Homework Help: A limit question

1. Oct 20, 2007

transgalactic

i added a file with the question and how i tried to solve it

lim [2+n^(1/3)]^(1/n)

in the end i always get (infinity)^0 type of object
then i got stuck
what to do next??

Attached Files:

• 6.JPG
File size:
4.5 KB
Views:
94
2. Oct 20, 2007

atqamar

I am unable to see your file, so what limit are you looking for?

$$\lim_{x \to 0^-} [2+x^{\frac{1}{3}}]^{\frac{1}{x}}$$ or

$$\lim_{x \to 0^+} [2+x^{\frac{1}{3}}]^{\frac{1}{x}}$$ or

$$\lim_{x \to \infty} [2+x^{\frac{1}{3}}]^{\frac{1}{x}}$$ ?

Edit:
Just a thought- let $$p=\lim_{x \to \infty} \frac{1}{x}$$ and evaluate. Then substitute into $$\lim_{x \to \infty} [2+x^{\frac{1}{3}}]^p$$ and evaluate.

Last edited: Oct 20, 2007
3. Oct 20, 2007

nrqed

As n goes to infinity, this goes to 1.

As n gets very large, you may approximate this by $n^{1/(3n)}$. taking the natural log of this (or log in any base), you can show that the ln goes to 0 as n goes to infinity. hence the initial function tends to e^0 = 1.

4. Oct 20, 2007

transgalactic

ooohh sorry i forgot a part in the limit

its

lim [2+n^(1/3)]^(1/n)
n>>infinity

and i did got

lim n^[1/(3n)]

you say i need to take log

it will be

log X =1/(3n)
n

i didnt understand how to solve it that way

Last edited: Oct 20, 2007
5. Oct 20, 2007

atqamar

Great.

Then, as I mentioned earlier, evaluate:
$$p=\lim_{x \to \infty} \frac{1}{x}$$

And plug into:
$$\lim_{x \to \infty} [2+x^{\frac{1}{3}}]^p$$

Any non-zero base, raised to the power of $$0$$, is...

6. Oct 20, 2007

transgalactic

your first limit P gives me 0

the second one is infinity

and infinity^0 is not 1
its undefined

7. Oct 20, 2007

nrqed

You need to consider the limit of $\frac{\ln n}{n}$. The limit of this as n goes to infinity is zero.

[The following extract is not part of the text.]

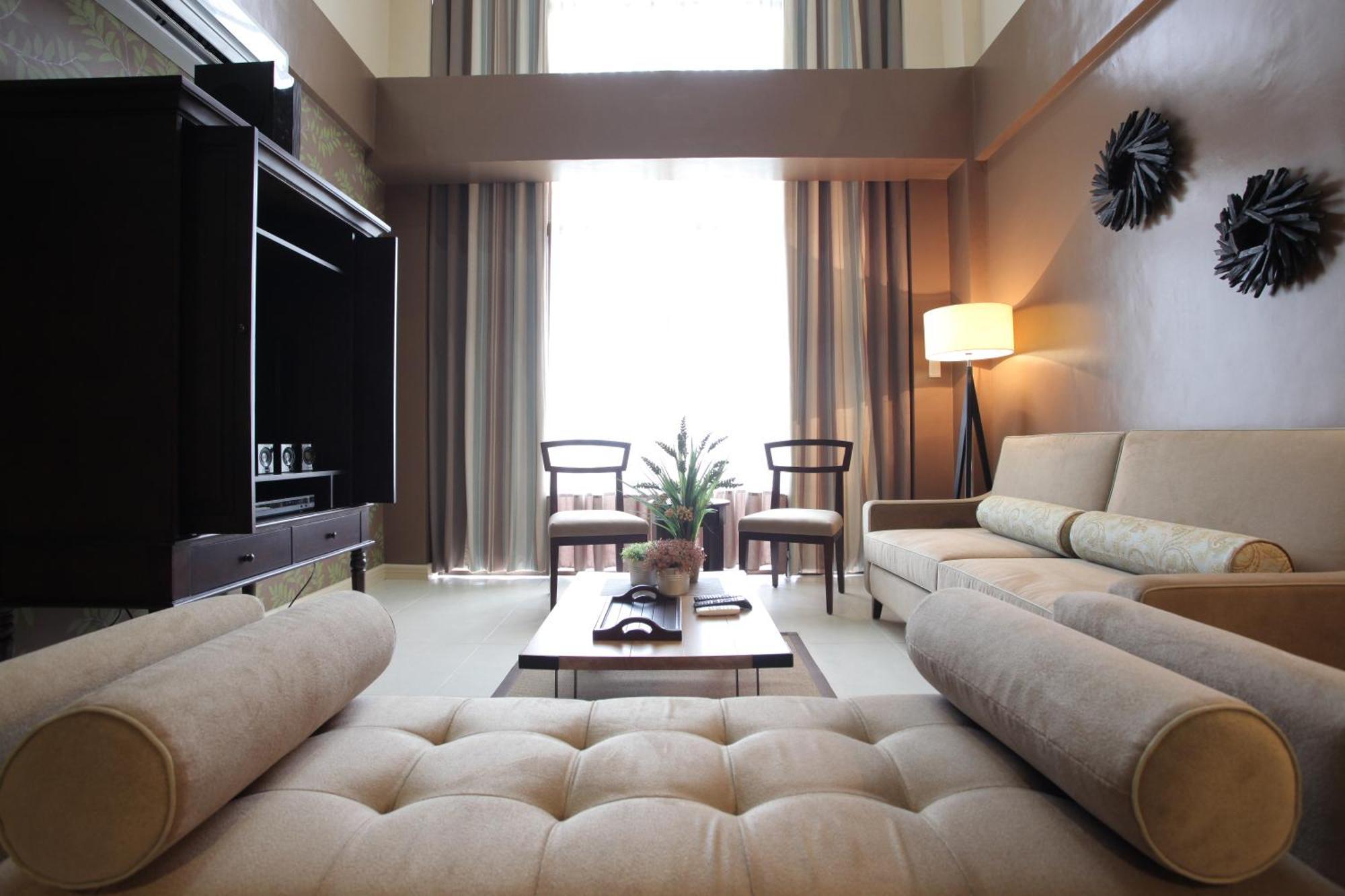 Crosswinds Resort Suites Tagaytay City Ngoại thất bức ảnh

This is one of the basic limits and you probably can find the proof in yoru textbook.

8. Oct 20, 2007

ace123

For the second limit atqamar posted $$\lim_{x \to \infty} [2+x^{\frac{1}{3}}]^p$$ is going to be 1 because anything other than zero raised to the 0 power is 1. How did you get undefined?

Edit: How did you get infinity to the zero power? Thats not what the base is going to be

Last edited: Oct 20, 2007
9. Oct 20, 2007

transgalactic

the base is :

2+ x^(1/3)

if x gose to infinity the the base gose to infinity

and p=0

it gives me (infinity)^0

and its undefined

10. Oct 20, 2007

dynamicsolo

It is undefined because this is what is called an "indeterminate power"; other examples are 0^0 and 1^infinity. Nonetheless there will be a value for it.

The solution involves one of the more exotic applications of L'Hopital's Rule, since this first has to be wrestled into the form of an indeterminate ratio 0/0 or infinity/infinity.

You start off by taking the logarithm of your expression, which will be

lim n-> inf. (1/n) ln [2 + n^(1/3)] ; this now has the apparent result 0 · infinity (an indeterminate product).

You next rewrite this product as a ratio, since f · g = f / (1/g) ; it is usually best to put the logarithmic expression in the numerator to apply L'Hopital's Rule, since we're going to be taking derivatives:

lim n-> inf. ( ln [2 + n^(1/3) ] ) / n .

This now has the apparent value infinity/infinity, making it a candidate for L'Hopital's Rule. Differentiate numerator and denominator separately:

lim n-> inf. [ ( 1/{ 2 + n^(1/3) } ) · ( 1/{ 3 · n^(2/3) } ) ] / 1 [using the Chain Rule on the numerator]

Since n appears in the denominator raised to positive powers, once this compound fraction is simplified, the limit is (1/2)·(1/3)·0 = 0 .

This, however, is the natural logarithm of the original expression, so this limit is the natural logarithm of our original limit. So the original limit is e^0 = 1 .

This is a formal technique for dealing with such problems; as nrqed and atqamar point out, though, this one can sort of be "eyeballed" for a solution...

Last edited: Oct 20, 2007